Monday, May 19, 2003 While the U.S. electronics industry remains in the doldrums, the booming China market that suppliers are trying to penetrate may be losing some of its robustness because of slowing demand there for telecommunications equipment orders.

A recent report by industry group The Chinese Association of Electronics Component Industry indicated that sales of the top 100 vendors in 2002 totaled $5.6 billion, down 11% from the previous year. Profits dropped 5% from a year earlier, to $417 million.

The group noted that sales of optical fiber and optical components were hit particularly hard as telecom companies sharply cut back their capital spending.

Those findings do not surprise Steve Rago, an analyst at iSuppli Corp., El Segundo, Calif., who attributed the slowdown to the Chinese government's reorganization of the country's telecom industry.

"There was uncertainty by Chinese telecommunications companies over government funding, causing them to dramatically reduce equipment purchases," Rago said.

While U.S.-based companies may not see a reason to lose sleep over the predicament of their Chinese rivals, they should be concerned, he said.

"What has happened in the last 18 months is that some China-based telecom equipment companies are increasingly exporting products to regions like Eastern Europe and India," he said. Two such companies are ZTE Corp. and Huawei Technology Co. Ltd., both of Shenzhen, Rago added.

Data from the Chinese Association of Electronic Component Industry supports that premise, noting that electronics component exports grew 8.4% in 2002, to $2.19 billion, with China's entry into the World Trade Organization paving the way for increased sales abroad.

As the torrid pace of China's telecom market cools, major Chinese companies are diversifying into other areas like consumer electronics, according to iSuppli. But as these products become more sophisticated, they sometimes require higher-technology components than what is made in China, as is the case with capacitors.

The Chinese Association of Electronic Industry noted that Chinese exports of capacitors jumped 28% last year, to $858 million. But imported capacitors rose 47% in 2002, to $2.4 billion, leaving a negative trade balance of $1.5 billion in that category.

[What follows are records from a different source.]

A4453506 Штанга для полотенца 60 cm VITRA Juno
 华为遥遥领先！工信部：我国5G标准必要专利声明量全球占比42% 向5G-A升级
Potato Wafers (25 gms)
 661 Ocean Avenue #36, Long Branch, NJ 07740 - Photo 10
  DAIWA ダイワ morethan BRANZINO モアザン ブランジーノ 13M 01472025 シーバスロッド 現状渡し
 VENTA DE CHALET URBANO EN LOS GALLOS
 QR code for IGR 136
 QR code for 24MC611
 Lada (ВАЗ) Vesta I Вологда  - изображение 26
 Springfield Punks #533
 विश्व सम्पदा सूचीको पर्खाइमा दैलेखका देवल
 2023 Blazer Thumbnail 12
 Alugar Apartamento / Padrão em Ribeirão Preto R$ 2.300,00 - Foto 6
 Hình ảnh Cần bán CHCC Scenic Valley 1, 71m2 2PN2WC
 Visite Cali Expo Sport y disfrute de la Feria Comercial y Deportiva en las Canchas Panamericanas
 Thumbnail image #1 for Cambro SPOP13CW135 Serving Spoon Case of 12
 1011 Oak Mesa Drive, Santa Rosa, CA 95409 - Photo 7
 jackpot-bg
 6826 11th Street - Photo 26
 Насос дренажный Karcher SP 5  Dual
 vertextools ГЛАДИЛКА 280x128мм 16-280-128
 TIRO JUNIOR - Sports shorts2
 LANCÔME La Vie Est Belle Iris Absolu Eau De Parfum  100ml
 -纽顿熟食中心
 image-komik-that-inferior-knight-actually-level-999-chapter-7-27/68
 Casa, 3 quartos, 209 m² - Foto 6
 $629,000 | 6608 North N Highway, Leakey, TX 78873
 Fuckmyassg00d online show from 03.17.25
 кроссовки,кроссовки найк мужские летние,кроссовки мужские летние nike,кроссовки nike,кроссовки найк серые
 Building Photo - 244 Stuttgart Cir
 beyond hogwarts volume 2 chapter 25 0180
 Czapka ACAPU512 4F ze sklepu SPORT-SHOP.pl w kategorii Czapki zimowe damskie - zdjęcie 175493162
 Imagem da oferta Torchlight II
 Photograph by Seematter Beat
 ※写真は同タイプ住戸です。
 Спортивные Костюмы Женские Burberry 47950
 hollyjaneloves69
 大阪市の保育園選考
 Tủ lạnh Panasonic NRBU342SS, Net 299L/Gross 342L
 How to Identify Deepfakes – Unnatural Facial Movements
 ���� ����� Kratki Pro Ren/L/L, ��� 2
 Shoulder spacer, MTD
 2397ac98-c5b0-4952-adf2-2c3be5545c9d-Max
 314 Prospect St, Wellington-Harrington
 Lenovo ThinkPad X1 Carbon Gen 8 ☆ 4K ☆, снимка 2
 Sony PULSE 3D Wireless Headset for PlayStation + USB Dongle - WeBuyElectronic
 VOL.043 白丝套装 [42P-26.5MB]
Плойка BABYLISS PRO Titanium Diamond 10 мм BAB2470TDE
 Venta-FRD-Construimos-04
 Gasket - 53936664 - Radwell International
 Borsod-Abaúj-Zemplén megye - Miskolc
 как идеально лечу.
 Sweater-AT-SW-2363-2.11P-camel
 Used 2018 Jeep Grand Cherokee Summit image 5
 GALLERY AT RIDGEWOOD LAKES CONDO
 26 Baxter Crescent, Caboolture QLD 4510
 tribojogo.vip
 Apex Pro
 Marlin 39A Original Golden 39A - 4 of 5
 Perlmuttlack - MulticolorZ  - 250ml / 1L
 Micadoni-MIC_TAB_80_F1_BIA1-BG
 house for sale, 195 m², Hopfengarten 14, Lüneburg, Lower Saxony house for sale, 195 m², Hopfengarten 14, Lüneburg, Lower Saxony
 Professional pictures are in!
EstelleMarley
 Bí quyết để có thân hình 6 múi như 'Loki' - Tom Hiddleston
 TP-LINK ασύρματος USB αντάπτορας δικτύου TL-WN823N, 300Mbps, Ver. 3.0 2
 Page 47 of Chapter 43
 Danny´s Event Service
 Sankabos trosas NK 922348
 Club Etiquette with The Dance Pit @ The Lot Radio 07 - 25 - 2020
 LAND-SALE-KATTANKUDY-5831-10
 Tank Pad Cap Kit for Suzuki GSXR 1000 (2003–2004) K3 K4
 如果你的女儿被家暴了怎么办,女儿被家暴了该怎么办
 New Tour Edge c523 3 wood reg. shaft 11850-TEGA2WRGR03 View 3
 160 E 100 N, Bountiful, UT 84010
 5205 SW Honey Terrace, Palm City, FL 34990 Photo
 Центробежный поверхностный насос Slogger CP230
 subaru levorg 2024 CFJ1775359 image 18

Shawn Wood, an iSuppli analyst, attributes the imbalance to the higher technology and cost of capacitors imported into China.

"The smallest capacitors made by China-based companies come in the 0402 package," he said. "But smaller 0201 capacitors are being used for Bluetooth modules and wireless phones." Wood added that large Far East-based suppliers of multilayer ceramic chip capacitors, including Murata Manufacturing Co. Ltd., Yageo Corp., and Samsung Electro-Mechanics Co. Ltd., are importing 0201 capacitors into China.

As competition intensifies, more suppliers realize they must establish plants in China to compete with local vendors vying for business from global OEMs and EMS companies locating there. More U.S. companies are taking this route.

For example, Kemet Corp. is building a 125,000-sq.-ft. plant in Suzhou to make tantalum capacitors by July 2003.